A book excerpt – Retraction Watch


We are pleased to present an excerpt from Distrust: Big Data, Data-Torturing, and the Assault on Science, a new book by Pomona College economics professor Gary Smith. The Washington Post said the book’s lessons “are very much needed.”

The fact that changes in bitcoin prices are driven by fear, greed, and manipulation has not stopped people from trying to crack their secret.

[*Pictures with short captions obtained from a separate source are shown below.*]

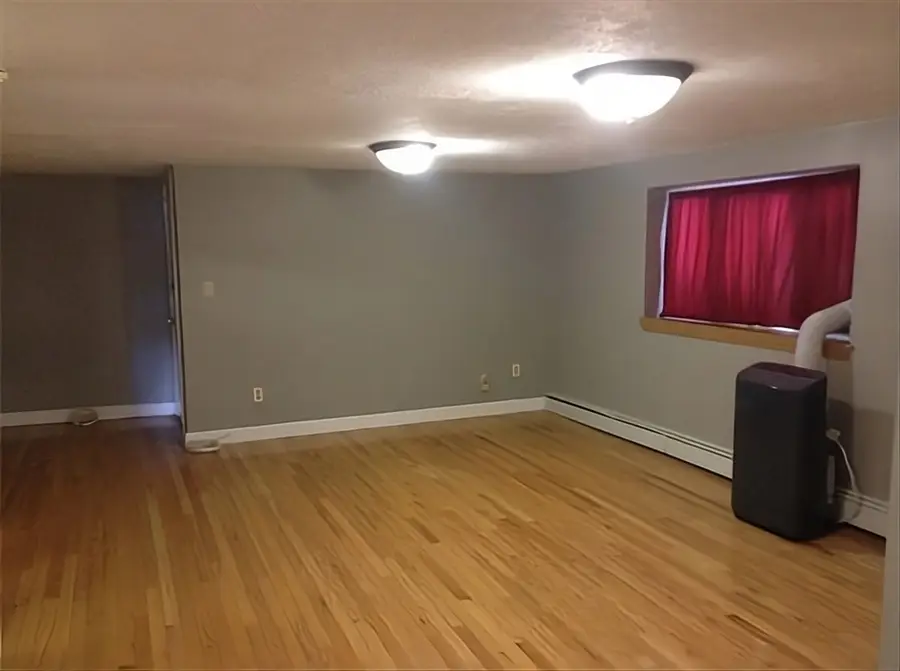 42 Bryon Rd #1, Chestnut Hill, MA 02467 - #3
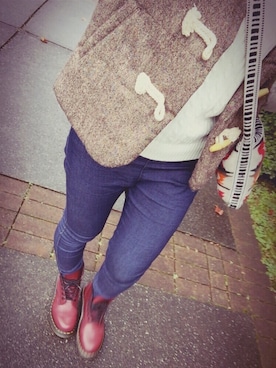 「アイテム（ダウンベスト、ブラウン系）」を使った、rina さん（レディース・162cm）の秋コーディネート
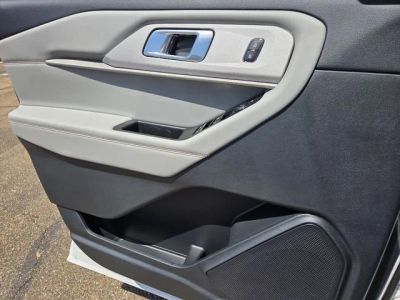2026 Ford Explorer — photo 35 view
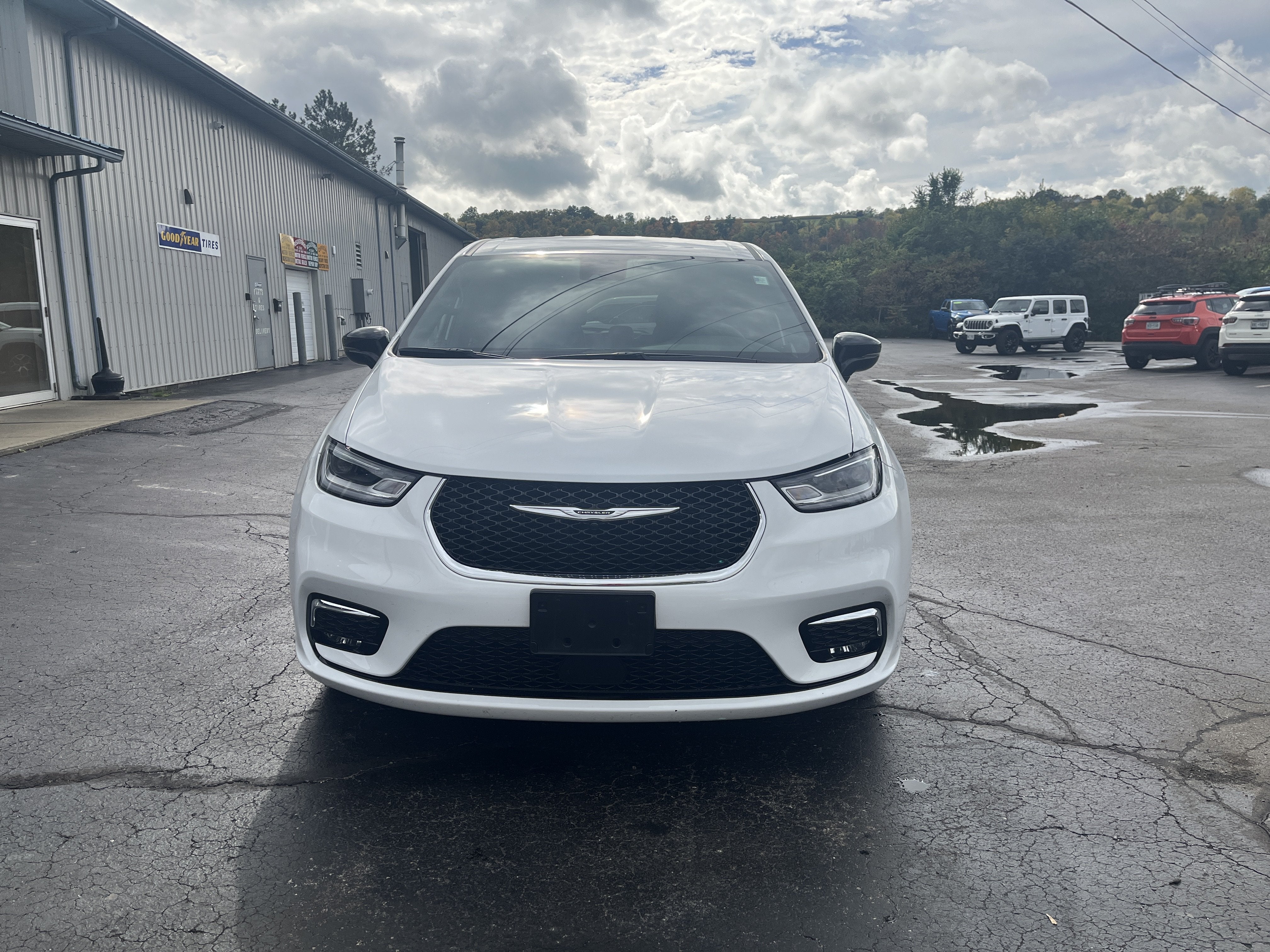 2026 Chrysler Pacifica Select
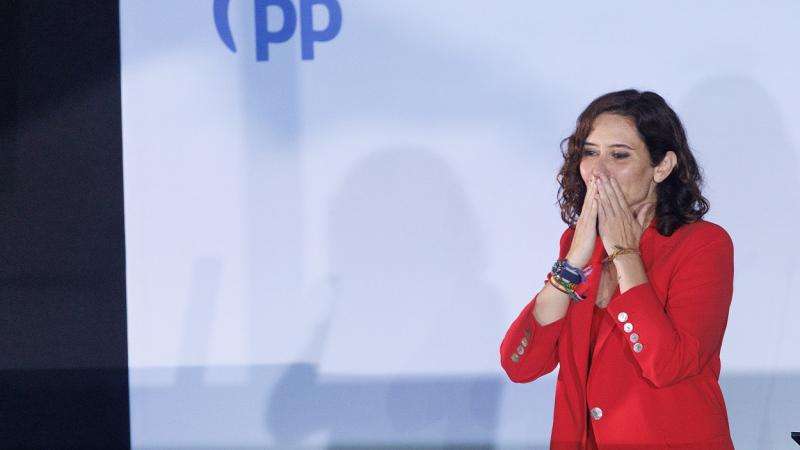 La presidenta de la Comunidad de Madrid, Isabel Díaz Ayuso, en al balcón de Génova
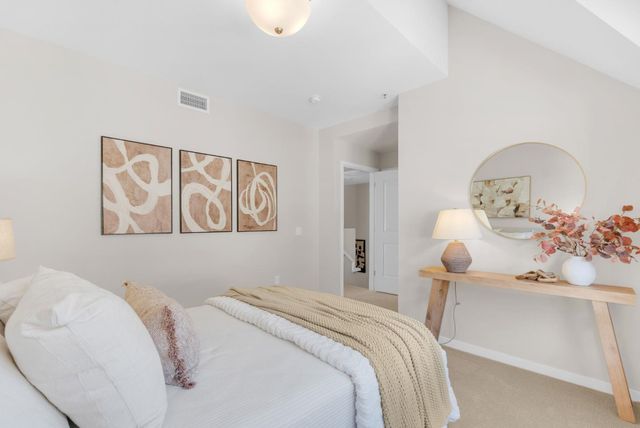 612 Hope Street, Mountain View, CA 94041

Empirical models of bitcoin prices are a wonderful example of data torturing because bitcoins have no intrinsic value and, so, cannot be explained credibly by economic data. 

Undaunted by this reality, a National Bureau of Economic Research (NBER) paper reported the mind-boggling efforts made by Yale University economics professor Aleh Tsyvinski and a graduate student, Yukun Liu, to find empirical patterns in bitcoin prices. 

Tsyvinski currently holds an endowed chair named after Arthur M. Okun, who had been a professor at Yale from 1961 to 1969, though he spent six of those eight years on leave so that he could work in Washington on the Council of Economic Advisors as a staff economist, council member, and then chair, advising presidents John F. Kennedy and Lyndon Johnson on their economic policies. He is most well known for Okun’s law, which states that a 1 percentage-point reduction in unemployment will increase U.S. output by roughly 2 percent, an argument that helped persuade President Kennedy that using tax cuts to reduce unemployment from 7 to 4 percent would have an enormous economic payoff. 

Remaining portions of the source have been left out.